Her eyes snapped to his. "You had me followed?"
"Protected."
"Without telling me?"
His eyes darkened. "Would you have stayed still if I had?"
She hated that he was right.
But she hated more that he'd been watching her from the shadows—again.
"You don't get to decide what I can handle, Dominic."
He leaned in. "You're not ready for the things that are coming. That envelope? That was a warning. Zahir is in the city."
Her stomach twisted. "How do you know?"
He pulled out a small, scorched photograph from his coat. It showed a child—dark-haired, with eyes like ink. "This was left on my car windshield last night. Zahir only ever used this picture when marking a target."
"Is that…?"
"My sister," Dominic said. "She died ten years ago."
The air between them thickened like fog.
"I'm sorry," Amelia said quietly.
Dominic stared at her, unreadable. Then, without warning, he stood and grabbed her hand. "Come with me."
She almost resisted. Almost told him to slow down, explain, let her breathe.

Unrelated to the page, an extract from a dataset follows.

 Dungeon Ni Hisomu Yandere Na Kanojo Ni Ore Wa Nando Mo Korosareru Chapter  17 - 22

But she followed him anyway.
Because breathing didn't feel safe anymore unless he was beside her.
The elevator ride to his penthouse was suffocating. Neither of them spoke.
But the moment the doors opened, it was like a dam burst.

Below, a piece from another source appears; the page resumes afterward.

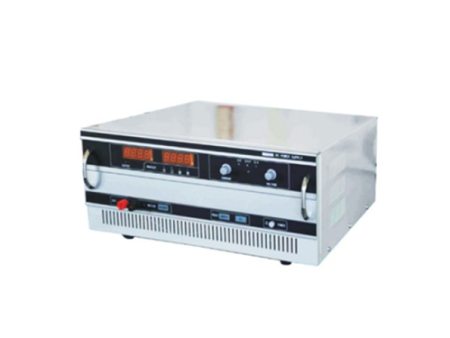 Programmable AC constant current source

"Don't ever keep secrets from me again," she snapped as he turned to face her.
He barely blinked. "I did it to protect you."
"You don't get to protect me. You're not God."

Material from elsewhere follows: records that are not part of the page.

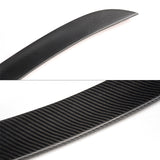 2012-2025 Tesla Model S OE Style Rear Trunk Spoiler Wing Carbon Fiber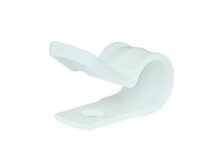 Picture of 3/8 Inch Natural Cable Clamp - 100 Pack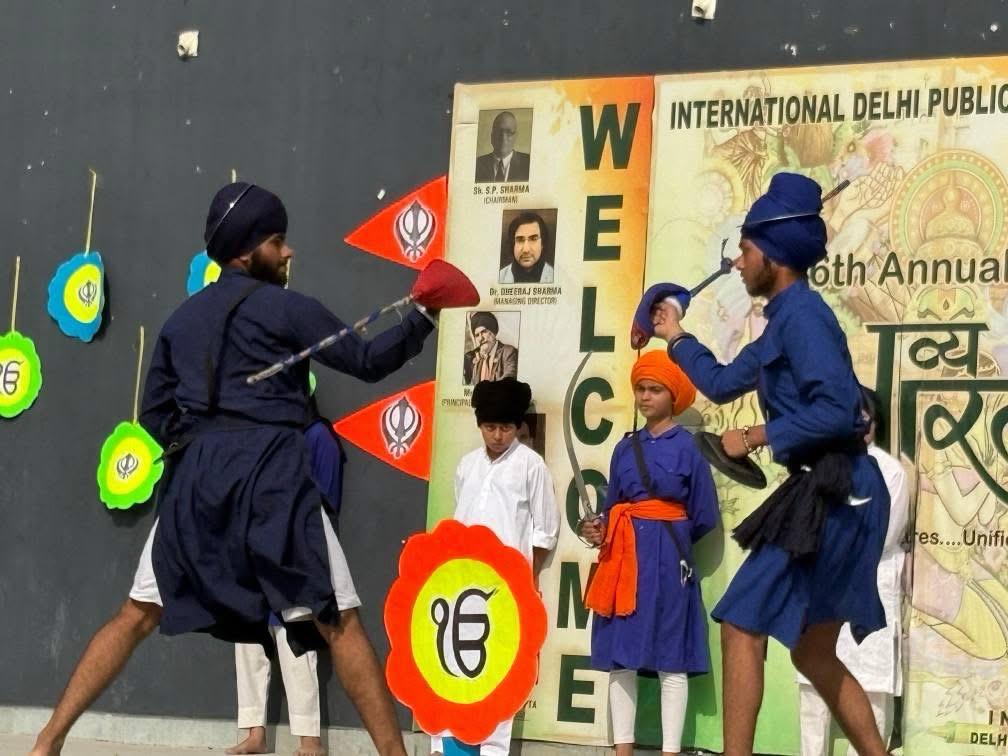 Academic Session 2025-26.	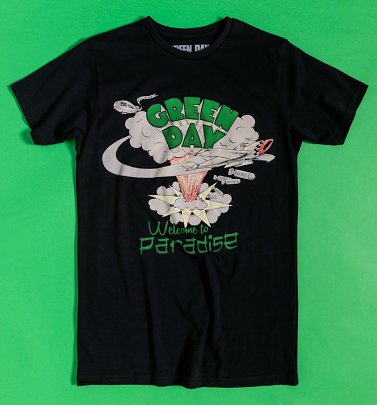 Shop Green Day T-Shirts, Gifts and Merch : TruffleShuffle ...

"I'm not. But I've seen what Zahir does to people. You don't get to act like you're ready when you're not."
That did it.
She shoved him—hard—both palms to his chest.
He barely staggered. But something inside him snapped.
In an instant, she was pinned to the wall, his hands on either side of her head, his breath hot on her face.
"Do you want the truth, Amelia? Do you want the whole, ugly, dangerous truth?"
"Yes," she whispered.
His mouth crushed hers.
The kiss wasn't gentle. It wasn't sweet. It was war.
She kissed him back with every bit of fury, confusion, and desire inside her. Their hands were frantic, clothes half-off before they made it to the bedroom. He lifted her onto the bed like she weighed nothing, and for the next hour, they didn't speak a word.
Only breath. Skin. Teeth. Heat.
It wasn't about love. Not entirely.
It was about need. About survival. About the two of them clawing at each other like the world outside would kill them if they stopped.
Later, in the stillness, she lay beside him staring at the ceiling, breathless.
Dominic's voice was rough. "I'm going to do everything I can to keep you alive."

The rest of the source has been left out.